Verse-by-verse commentary and theological analysis
Genesis 38:8 Commentary
Then Judah said to Onan, "Go in to your brother's wife and perform the duty of a brother-in-law to her, and raise up offspring for your brother." Judah's command to Onan enacts the levirate custom that will later be codified in Deuteronomy 25:5 to 10. When a married man dies without children, his brother is to marry the widow and produce an heir whose legal identity will carry the dead man's name, preserving his inheritance and his family line. Judah understands this obligation and instructs Onan accordingly: perform the duty, raise up offspring for Er. The command is the right and expected one. The problem is what Onan does with it.

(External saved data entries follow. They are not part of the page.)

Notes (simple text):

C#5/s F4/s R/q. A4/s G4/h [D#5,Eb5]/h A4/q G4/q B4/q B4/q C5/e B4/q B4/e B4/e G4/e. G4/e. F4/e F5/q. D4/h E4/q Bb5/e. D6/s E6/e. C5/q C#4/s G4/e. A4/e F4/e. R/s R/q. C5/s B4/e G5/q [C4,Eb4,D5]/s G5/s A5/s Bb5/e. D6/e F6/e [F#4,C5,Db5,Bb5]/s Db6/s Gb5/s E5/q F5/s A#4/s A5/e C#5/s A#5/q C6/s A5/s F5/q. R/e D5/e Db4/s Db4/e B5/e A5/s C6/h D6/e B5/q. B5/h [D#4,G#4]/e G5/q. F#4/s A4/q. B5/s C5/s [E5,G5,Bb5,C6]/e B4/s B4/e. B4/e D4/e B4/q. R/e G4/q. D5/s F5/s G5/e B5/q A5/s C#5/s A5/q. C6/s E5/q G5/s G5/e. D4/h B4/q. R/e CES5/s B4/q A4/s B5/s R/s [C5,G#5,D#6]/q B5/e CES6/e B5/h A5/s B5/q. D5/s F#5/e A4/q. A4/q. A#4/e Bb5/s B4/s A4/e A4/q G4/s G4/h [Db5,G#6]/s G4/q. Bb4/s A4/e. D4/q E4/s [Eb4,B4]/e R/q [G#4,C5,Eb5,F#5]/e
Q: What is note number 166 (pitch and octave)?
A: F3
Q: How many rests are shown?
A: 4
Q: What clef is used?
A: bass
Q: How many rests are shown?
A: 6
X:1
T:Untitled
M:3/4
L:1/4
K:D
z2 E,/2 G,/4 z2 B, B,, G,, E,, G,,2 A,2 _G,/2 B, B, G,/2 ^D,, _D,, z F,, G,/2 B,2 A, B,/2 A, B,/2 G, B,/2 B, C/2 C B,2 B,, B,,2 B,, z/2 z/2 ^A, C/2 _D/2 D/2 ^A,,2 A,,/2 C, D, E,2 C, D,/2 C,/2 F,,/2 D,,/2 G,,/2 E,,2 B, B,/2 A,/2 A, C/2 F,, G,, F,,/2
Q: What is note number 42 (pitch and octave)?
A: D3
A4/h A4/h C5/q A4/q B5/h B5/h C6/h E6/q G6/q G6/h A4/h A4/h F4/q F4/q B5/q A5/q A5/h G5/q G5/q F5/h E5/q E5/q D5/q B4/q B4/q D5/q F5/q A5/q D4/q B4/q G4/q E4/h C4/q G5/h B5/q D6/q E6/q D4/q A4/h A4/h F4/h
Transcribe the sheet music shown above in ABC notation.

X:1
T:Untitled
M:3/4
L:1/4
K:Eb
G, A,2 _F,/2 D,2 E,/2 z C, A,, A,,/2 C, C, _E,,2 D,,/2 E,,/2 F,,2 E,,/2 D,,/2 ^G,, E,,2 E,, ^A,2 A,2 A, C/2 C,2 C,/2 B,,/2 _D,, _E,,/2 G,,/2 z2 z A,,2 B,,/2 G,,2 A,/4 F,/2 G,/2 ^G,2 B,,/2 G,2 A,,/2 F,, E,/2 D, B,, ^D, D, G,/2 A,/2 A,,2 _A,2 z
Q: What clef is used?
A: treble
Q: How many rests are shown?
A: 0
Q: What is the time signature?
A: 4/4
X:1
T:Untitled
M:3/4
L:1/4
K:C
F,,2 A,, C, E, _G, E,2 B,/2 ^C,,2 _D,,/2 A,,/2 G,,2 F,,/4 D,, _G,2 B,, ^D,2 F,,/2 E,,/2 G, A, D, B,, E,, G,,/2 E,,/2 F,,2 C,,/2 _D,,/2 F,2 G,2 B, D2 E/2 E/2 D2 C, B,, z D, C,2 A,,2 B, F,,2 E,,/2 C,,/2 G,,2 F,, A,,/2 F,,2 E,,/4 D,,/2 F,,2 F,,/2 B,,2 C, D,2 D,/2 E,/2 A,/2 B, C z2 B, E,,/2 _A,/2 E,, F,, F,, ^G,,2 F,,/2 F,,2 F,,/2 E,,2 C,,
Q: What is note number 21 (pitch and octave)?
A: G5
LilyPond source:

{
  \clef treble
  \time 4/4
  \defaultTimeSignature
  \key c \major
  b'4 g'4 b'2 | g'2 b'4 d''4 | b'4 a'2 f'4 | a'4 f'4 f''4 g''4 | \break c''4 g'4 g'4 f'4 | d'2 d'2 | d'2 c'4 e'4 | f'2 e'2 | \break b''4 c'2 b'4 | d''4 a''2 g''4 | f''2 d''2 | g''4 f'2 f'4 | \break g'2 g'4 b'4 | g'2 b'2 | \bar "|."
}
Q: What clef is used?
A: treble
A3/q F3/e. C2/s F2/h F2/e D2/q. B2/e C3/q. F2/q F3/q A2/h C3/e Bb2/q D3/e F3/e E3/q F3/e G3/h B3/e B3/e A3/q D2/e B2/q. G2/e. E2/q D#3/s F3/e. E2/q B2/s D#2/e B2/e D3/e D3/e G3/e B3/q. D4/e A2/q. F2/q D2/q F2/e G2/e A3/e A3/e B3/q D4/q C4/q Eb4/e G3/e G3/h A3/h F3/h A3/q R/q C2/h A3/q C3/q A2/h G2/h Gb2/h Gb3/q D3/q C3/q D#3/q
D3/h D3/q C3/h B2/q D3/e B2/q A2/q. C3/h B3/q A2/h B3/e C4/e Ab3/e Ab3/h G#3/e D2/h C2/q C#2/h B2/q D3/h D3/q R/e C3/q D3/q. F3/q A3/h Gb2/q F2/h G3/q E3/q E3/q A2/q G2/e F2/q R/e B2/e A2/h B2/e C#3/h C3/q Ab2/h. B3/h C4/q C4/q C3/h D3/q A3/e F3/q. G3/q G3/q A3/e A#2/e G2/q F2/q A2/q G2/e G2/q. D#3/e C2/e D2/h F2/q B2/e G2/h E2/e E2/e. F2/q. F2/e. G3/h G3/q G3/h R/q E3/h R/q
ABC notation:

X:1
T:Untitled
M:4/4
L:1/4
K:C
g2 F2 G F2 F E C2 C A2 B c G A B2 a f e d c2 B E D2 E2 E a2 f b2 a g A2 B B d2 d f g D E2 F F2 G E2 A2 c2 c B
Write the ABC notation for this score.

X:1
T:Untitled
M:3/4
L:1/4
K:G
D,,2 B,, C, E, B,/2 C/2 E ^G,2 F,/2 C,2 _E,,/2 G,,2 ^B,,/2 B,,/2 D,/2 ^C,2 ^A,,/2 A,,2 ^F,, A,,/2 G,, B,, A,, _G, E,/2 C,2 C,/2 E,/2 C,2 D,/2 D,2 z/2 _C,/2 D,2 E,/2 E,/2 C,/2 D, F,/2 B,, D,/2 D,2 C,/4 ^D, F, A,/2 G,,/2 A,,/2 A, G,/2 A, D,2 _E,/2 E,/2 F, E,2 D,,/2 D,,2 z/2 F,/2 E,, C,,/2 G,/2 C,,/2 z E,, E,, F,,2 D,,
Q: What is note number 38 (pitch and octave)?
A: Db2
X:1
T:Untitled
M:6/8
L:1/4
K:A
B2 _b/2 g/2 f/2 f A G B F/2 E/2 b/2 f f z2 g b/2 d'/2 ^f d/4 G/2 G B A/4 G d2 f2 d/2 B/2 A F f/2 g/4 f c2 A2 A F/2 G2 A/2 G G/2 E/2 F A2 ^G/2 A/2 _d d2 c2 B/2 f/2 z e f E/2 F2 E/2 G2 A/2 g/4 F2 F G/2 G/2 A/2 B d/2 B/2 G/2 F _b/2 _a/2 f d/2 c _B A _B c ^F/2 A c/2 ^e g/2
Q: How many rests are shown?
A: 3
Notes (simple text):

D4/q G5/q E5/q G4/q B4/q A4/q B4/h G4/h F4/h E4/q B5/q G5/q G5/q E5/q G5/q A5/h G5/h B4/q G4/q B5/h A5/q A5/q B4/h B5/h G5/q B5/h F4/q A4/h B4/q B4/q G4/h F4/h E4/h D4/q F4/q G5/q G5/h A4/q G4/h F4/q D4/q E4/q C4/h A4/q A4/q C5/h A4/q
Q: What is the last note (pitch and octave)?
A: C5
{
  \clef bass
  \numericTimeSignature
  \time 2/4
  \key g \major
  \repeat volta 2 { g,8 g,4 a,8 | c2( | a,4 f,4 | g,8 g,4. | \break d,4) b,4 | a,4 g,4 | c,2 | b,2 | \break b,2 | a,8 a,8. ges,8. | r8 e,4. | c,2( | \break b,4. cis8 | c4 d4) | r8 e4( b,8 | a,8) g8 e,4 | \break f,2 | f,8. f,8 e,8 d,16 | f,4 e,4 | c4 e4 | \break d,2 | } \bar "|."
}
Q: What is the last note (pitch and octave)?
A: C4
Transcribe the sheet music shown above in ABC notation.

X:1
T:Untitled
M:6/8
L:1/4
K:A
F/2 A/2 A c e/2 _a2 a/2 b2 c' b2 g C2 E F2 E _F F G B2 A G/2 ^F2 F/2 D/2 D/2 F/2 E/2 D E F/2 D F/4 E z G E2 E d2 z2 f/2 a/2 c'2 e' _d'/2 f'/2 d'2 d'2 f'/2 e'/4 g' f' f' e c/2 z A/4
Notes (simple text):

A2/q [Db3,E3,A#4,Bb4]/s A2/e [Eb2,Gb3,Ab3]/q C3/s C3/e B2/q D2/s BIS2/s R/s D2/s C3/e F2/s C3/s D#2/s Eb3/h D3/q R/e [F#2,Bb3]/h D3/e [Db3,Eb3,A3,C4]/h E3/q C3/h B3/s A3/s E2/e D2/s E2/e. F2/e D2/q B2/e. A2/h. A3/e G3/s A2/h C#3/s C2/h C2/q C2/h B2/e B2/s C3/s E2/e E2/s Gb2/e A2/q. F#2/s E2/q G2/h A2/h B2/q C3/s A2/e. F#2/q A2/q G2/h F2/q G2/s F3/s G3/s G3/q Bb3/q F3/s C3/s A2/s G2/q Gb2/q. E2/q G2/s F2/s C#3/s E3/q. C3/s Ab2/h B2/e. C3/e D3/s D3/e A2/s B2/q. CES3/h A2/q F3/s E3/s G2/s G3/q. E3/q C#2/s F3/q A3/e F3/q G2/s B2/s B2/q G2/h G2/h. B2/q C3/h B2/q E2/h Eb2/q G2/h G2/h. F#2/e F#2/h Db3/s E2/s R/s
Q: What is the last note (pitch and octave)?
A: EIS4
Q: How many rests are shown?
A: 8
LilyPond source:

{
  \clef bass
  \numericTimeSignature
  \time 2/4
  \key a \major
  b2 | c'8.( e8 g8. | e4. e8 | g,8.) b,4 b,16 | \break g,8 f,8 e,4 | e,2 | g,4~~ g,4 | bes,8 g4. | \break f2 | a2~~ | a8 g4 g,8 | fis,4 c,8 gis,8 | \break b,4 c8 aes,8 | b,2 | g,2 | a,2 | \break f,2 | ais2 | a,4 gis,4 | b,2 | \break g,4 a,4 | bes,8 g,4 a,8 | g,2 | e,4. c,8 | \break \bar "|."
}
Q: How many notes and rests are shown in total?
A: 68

The levirate obligation in ancient Israel was simultaneously a legal duty, a family obligation, and a covenantal concern. The covenant family's continuity required that each line within it be preserved: that dead brothers not be written out of the genealogy by childlessness. The duty Judah assigns Onan is specifically personal kindness to Tamar; it is the family's mechanism for maintaining the integrity of its own succession. Onan as the surviving brother is obligated not because he loves Tamar but because the family's covenant structure requires someone to stand in Er's place genealogically and produce the heir who will carry Er's name.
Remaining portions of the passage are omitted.